(Input material)

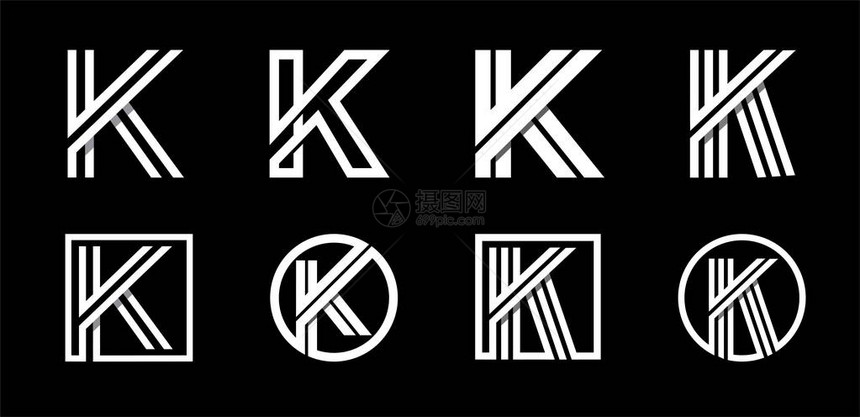 大写字母K用于字母组合徽标志首字母的现代套装由白色条纹组成图片
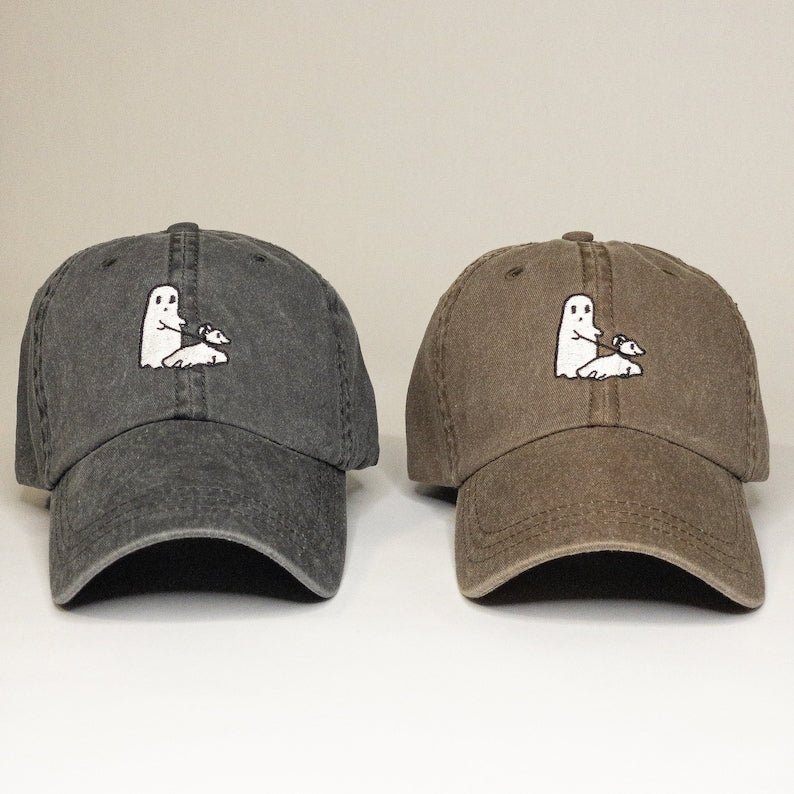 Ghost Walking Dog Dad Hat Embroidered Baseball Cap Aesthetic Washed Vintage Halloween 1758940719560.jpg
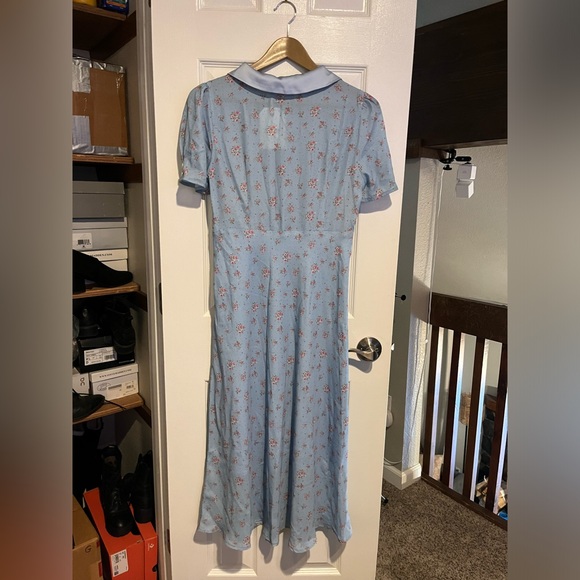 Simple retro elegant blue tea dress - Picture 3 of 7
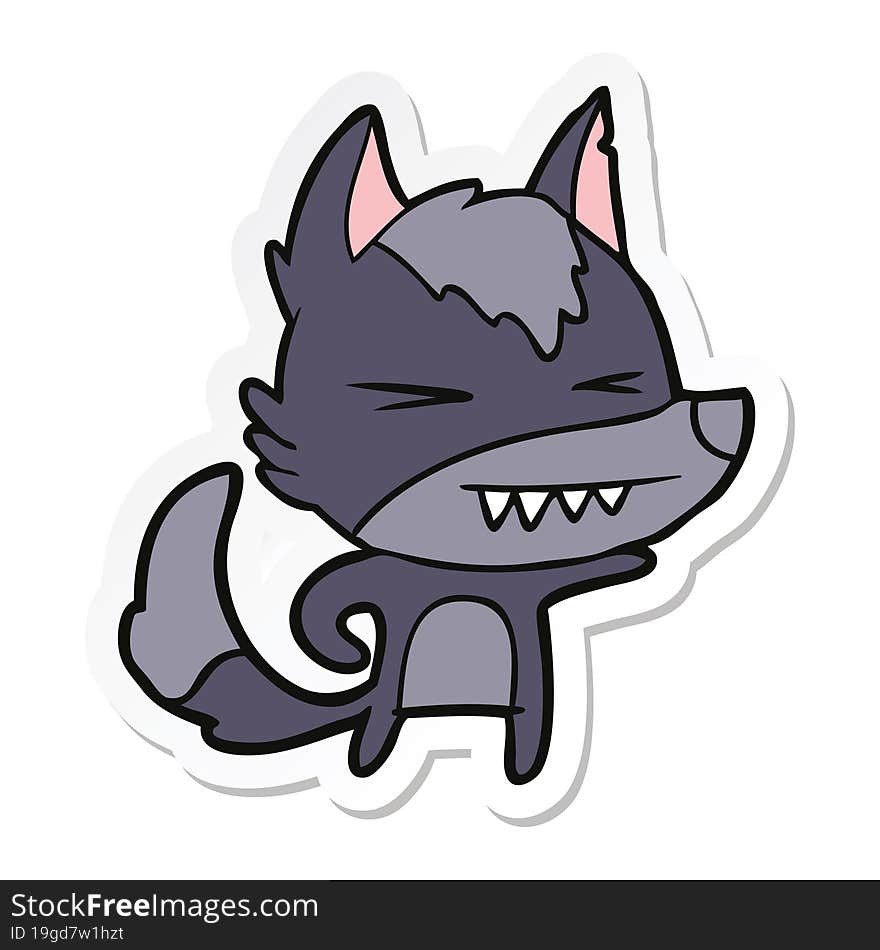 sticker of a angry wolf cartoon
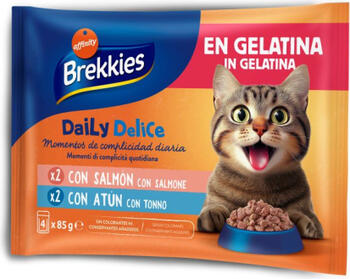 Brekkies Daily Delice Wet Jelly Adult Salmon & Tuna 4x85 gr - консервы в желе для взрослых кошек, с лососем или тунцом. (968787)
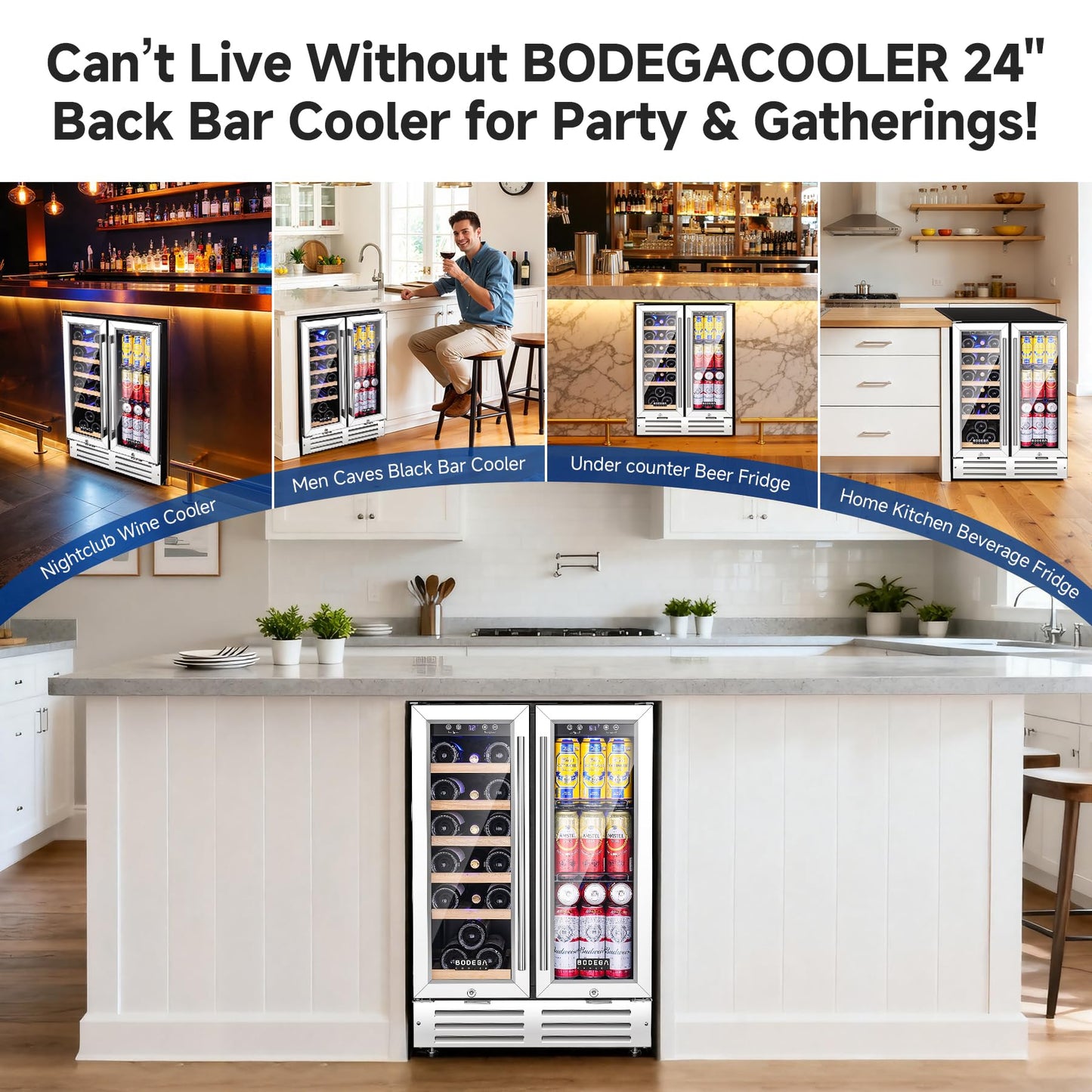 BODEGACOOLER Wine and Beverage Refrigerator, 24 Inch Under Counter Commercial Beverage Refrigerator, Large Capacity Back Bar Cooler With 2 Glass Doors,LED Lighting for Beer,Soda,Wine,4.1 Cu.Ft.,Black.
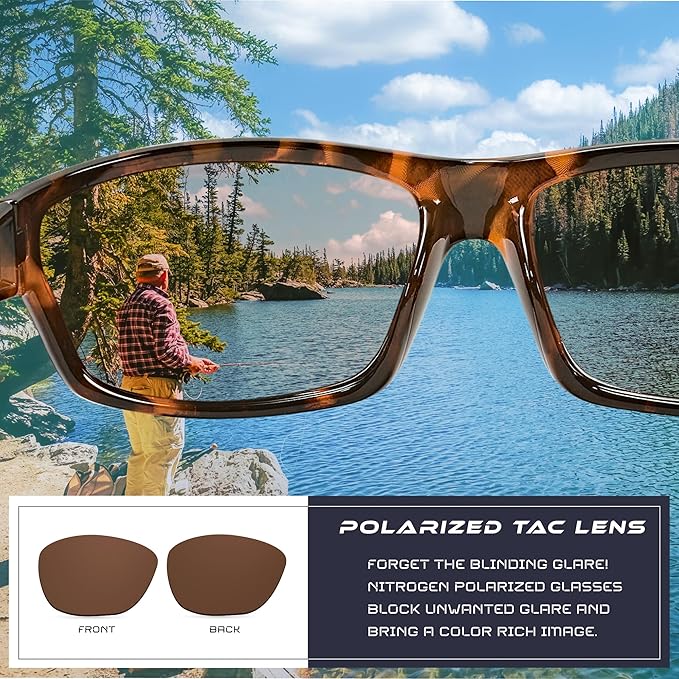 Nitrogen Polarized Wrap Around Sport Sunglasses for Men Women UV400 Driving Fishing Running Sun Glasses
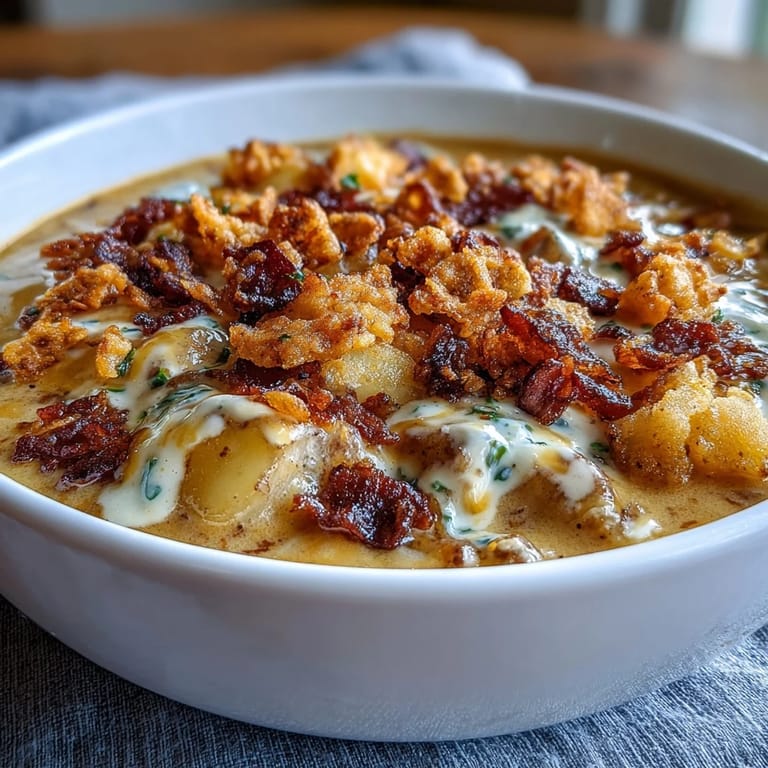 Warm bowl of loaded baked potato soup inspired by funeral potatoes, garnished with chives and sour cream.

(Work instruction) Repeat the data exactly. No pictures should appear.

(Completed task)
 大写字母K用于字母组合徽标志首字母的现代套装由白色条纹组成图片
 Ghost Walking Dog Dad Hat Embroidered Baseball Cap Aesthetic Washed Vintage Halloween 1758940719560.jpg
 Simple retro elegant blue tea dress - Picture 3 of 7
 sticker of a angry wolf cartoon
 Brekkies Daily Delice Wet Jelly Adult Salmon & Tuna 4x85 gr - консервы в желе для взрослых кошек, с лососем или тунцом. (968787)
 BODEGACOOLER Wine and Beverage Refrigerator, 24 Inch Under Counter Commercial Beverage Refrigerator, Large Capacity Back Bar Cooler With 2 Glass Doors,LED Lighting for Beer,Soda,Wine,4.1 Cu.Ft.,Black.
 Nitrogen Polarized Wrap Around Sport Sunglasses for Men Women UV400 Driving Fishing Running Sun Glasses
 Warm bowl of loaded baked potato soup inspired by funeral potatoes, garnished with chives and sour cream.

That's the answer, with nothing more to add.